Is there linter for model(inputs) of PyTorch like model.predict(inputs) of TensorFlow? - tensorflow

My goal is to do object detection. However, YOLOv7 and (hack to create bounding box with feature map) tutorial is using PyTorch.
The problem is: model(inputs) do not have typings.
The code L148-L150
out = model(inputs)
probs, class_preds = torch.max(out[0], dim=-1)
feature_maps = out[1].to("cpu")
The forced me to debug the helper.py file to understand what [0] and out[1] are. Currently, I assume that out[0] as the softmax probability and out[1] as the feature maps.

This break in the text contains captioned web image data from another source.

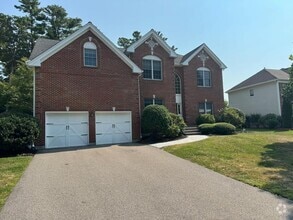 Building Photo - 24 Endean Dr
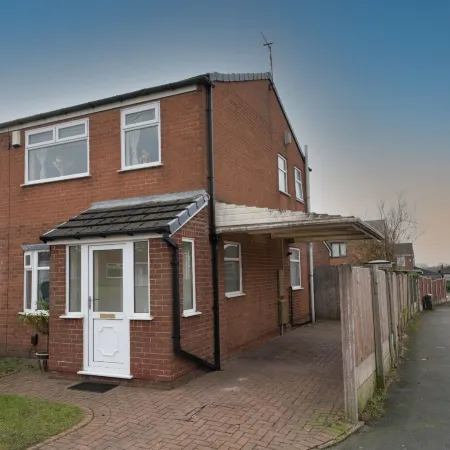 3-Bed Westhoughton | M61 | Driveway Parking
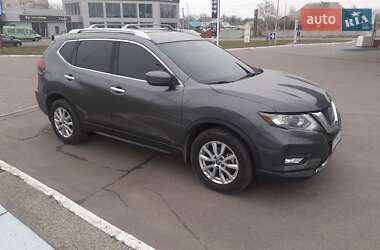 Позашляховик / Кросовер Nissan Rogue 2019 в 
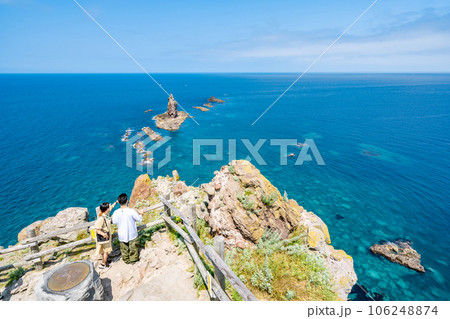 神威岬　積丹半島　神威岩　カップル 106248874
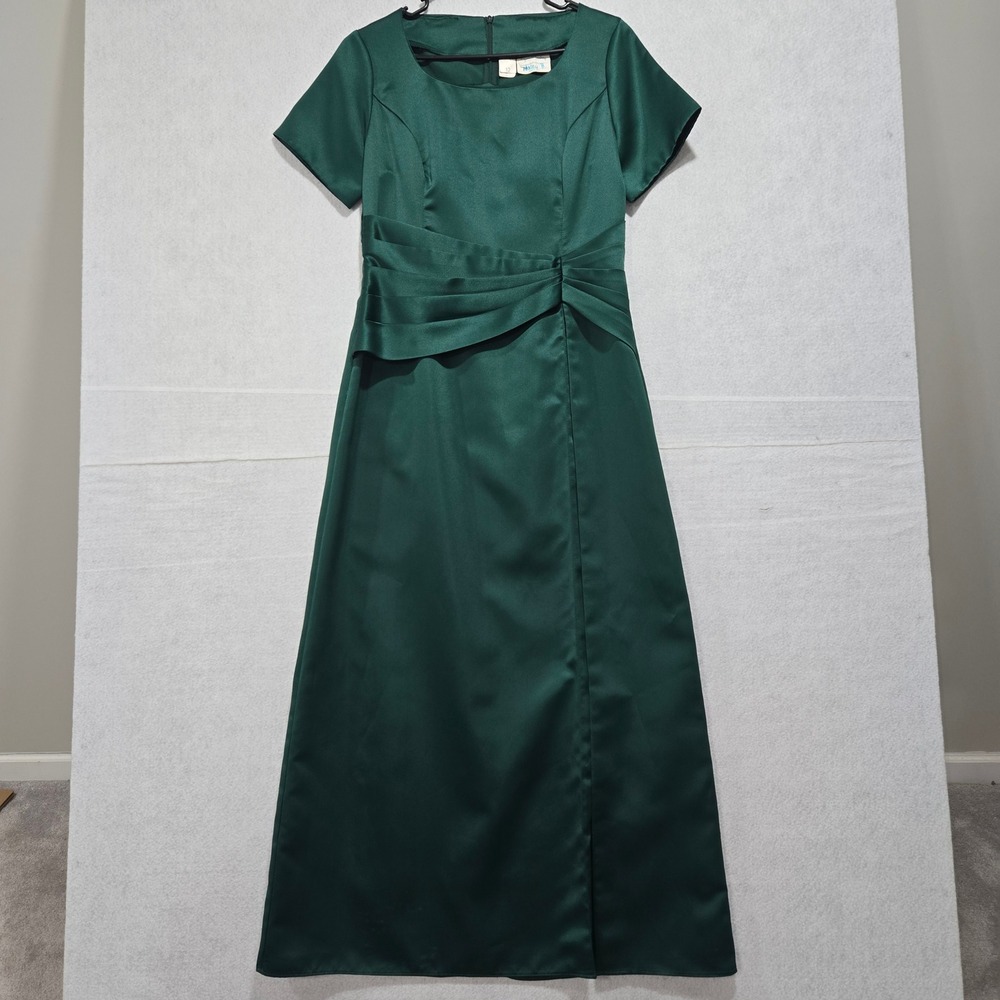 L#1 Southeastern‎ Performance Apparel Emerald Green Intermezzo Dress Size 12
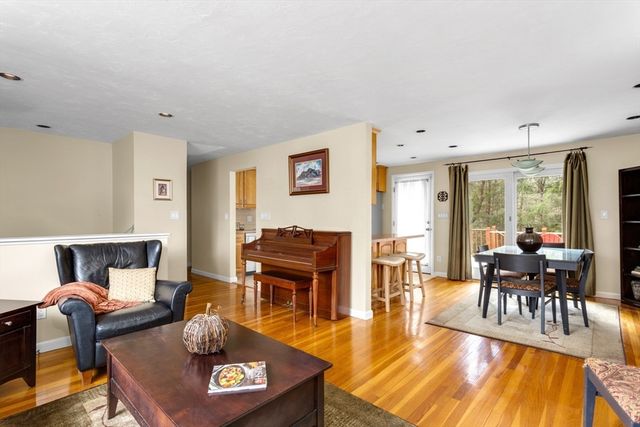 12 Harborwood Dr, Franklin, MA 02038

I think the answer is no, in general it is non-trivial to automatically infer the semantic meaning of the outputs of a neural network; this is a product of the semantic meaning of the inputs and the model structure itself. You could reference the Yolo model architecture provided in model.py (though as an aside you should not link to external code but rather provide relevant code in your question itself) and investigate the structure of the outputs, then reference the structure of the labeled inputs (as the model by definition is learning to replicate the structure of the labels.)
That being said in your case the output is quite obviously per-class probabilities and class indexes as shown in line 149:
probs, class_preds = torch.max(out[0], dim=-1)
as the outputs from torch.max per pytorch documentation are (maximum value, maximum index).

Related

Keras - sample_weights vs. sample_weight in model.fit?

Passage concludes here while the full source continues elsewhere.